> _DIRECTIONS_: Two lines in the data below mark the range: the one with "Cádiz CF: El posible once en Elche" and the one with "Sandal Geox Respira". Return both, along with every line between them, exactly.

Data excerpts
● ● ● ● ●
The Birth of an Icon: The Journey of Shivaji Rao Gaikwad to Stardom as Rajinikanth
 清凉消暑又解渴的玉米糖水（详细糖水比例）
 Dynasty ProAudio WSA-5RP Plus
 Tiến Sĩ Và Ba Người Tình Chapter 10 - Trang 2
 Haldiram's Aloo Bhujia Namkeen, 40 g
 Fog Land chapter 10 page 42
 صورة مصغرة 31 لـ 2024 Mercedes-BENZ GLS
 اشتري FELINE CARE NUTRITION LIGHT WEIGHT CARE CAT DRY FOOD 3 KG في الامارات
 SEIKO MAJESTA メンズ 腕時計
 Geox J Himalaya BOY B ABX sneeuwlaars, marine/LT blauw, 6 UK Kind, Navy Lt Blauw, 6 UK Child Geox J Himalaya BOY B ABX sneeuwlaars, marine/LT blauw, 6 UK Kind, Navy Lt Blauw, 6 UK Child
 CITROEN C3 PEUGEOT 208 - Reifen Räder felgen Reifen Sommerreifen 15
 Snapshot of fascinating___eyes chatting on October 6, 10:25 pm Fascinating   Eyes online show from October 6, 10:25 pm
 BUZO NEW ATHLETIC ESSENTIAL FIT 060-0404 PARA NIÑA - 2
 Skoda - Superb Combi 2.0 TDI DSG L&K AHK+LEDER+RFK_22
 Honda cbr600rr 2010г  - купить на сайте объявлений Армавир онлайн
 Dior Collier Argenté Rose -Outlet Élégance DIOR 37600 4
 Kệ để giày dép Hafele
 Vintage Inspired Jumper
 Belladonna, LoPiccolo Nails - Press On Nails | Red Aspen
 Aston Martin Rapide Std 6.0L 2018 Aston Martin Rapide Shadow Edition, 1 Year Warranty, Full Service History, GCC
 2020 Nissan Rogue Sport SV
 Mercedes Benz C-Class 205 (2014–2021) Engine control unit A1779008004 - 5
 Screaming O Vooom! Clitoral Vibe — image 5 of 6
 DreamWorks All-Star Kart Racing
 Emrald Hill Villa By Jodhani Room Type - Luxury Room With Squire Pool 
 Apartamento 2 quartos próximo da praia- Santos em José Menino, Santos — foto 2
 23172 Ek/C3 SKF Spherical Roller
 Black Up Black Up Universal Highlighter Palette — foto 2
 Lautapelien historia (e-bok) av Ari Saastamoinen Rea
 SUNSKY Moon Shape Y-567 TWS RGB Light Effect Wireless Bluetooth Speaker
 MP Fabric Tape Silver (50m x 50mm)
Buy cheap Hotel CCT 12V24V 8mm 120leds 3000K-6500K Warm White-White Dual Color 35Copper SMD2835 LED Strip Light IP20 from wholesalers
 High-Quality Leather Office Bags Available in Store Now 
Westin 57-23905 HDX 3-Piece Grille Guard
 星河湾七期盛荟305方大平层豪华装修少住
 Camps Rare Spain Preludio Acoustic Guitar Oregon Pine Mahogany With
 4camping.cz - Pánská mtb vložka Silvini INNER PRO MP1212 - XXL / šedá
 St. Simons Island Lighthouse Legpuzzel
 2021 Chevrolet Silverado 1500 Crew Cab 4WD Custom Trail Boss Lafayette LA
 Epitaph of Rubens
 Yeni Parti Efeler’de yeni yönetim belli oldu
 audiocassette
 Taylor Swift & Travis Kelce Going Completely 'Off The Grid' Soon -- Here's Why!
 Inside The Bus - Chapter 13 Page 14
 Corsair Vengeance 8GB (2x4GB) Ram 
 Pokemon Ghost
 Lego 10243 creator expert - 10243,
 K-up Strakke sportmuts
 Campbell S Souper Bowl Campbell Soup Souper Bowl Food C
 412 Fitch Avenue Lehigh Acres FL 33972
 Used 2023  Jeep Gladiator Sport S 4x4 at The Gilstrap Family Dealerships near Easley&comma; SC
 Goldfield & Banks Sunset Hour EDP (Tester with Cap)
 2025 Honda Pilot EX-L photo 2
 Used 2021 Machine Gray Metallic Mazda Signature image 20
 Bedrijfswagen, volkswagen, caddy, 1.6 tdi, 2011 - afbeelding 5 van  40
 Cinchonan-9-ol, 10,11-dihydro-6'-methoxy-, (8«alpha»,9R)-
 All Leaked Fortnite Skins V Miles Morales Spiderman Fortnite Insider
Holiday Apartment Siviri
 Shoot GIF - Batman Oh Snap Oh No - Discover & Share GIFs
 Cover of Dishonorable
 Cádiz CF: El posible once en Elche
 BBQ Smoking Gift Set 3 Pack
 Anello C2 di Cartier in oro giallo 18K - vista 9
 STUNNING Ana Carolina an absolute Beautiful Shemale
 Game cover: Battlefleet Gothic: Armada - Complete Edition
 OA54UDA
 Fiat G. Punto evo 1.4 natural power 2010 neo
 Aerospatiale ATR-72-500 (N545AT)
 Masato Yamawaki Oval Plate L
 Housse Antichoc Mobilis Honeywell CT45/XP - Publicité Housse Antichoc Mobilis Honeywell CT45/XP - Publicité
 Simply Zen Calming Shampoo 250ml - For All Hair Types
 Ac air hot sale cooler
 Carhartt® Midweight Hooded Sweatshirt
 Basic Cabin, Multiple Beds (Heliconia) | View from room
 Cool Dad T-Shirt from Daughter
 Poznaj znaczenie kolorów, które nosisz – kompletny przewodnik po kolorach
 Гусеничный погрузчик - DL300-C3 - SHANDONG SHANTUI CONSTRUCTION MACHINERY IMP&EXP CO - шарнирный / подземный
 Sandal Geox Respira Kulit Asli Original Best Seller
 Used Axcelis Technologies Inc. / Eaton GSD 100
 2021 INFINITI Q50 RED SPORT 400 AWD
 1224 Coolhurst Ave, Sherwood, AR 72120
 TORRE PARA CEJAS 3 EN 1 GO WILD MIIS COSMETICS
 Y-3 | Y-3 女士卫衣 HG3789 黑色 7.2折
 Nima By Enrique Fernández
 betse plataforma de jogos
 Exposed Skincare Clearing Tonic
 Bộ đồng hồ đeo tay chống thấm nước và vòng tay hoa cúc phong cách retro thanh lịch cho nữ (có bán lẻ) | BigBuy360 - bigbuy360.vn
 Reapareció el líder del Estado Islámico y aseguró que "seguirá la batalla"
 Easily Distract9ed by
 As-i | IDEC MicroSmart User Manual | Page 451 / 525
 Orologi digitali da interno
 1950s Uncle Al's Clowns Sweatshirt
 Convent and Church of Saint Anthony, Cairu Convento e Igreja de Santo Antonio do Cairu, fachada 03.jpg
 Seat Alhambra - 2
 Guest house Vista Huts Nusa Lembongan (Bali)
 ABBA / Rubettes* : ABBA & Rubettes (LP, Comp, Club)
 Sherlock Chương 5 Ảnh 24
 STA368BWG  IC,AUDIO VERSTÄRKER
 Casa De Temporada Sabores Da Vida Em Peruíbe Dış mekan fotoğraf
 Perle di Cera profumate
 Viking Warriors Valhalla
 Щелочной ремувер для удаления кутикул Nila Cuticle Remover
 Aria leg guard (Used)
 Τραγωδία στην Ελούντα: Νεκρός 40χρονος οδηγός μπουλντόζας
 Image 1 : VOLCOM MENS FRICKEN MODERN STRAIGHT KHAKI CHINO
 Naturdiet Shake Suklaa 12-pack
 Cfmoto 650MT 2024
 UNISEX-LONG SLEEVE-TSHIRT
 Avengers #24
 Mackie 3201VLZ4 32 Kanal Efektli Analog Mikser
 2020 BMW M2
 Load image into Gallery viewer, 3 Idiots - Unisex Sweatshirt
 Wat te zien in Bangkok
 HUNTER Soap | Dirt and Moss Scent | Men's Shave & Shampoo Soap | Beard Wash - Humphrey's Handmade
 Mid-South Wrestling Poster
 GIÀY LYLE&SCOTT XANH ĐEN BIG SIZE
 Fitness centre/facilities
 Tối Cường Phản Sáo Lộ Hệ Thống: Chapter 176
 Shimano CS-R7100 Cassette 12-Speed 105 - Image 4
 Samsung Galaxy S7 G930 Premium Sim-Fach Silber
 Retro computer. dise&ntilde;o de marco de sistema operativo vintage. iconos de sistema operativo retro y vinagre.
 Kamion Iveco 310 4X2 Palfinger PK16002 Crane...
● ● ● ● ●
> _WRITTEN SOLUTION_:
 Cádiz CF: El posible once en Elche
 BBQ Smoking Gift Set 3 Pack
 Anello C2 di Cartier in oro giallo 18K - vista 9
 STUNNING Ana Carolina an absolute Beautiful Shemale
 Game cover: Battlefleet Gothic: Armada - Complete Edition
 OA54UDA
 Fiat G. Punto evo 1.4 natural power 2010 neo
 Aerospatiale ATR-72-500 (N545AT)
 Masato Yamawaki Oval Plate L
 Housse Antichoc Mobilis Honeywell CT45/XP - Publicité Housse Antichoc Mobilis Honeywell CT45/XP - Publicité
 Simply Zen Calming Shampoo 250ml - For All Hair Types
 Ac air hot sale cooler
 Carhartt® Midweight Hooded Sweatshirt
 Basic Cabin, Multiple Beds (Heliconia) | View from room
 Cool Dad T-Shirt from Daughter
 Poznaj znaczenie kolorów, które nosisz – kompletny przewodnik po kolorach
 Гусеничный погрузчик - DL300-C3 - SHANDONG SHANTUI CONSTRUCTION MACHINERY IMP&EXP CO - шарнирный / подземный
 Sandal Geox Respira Kulit Asli Original Best Seller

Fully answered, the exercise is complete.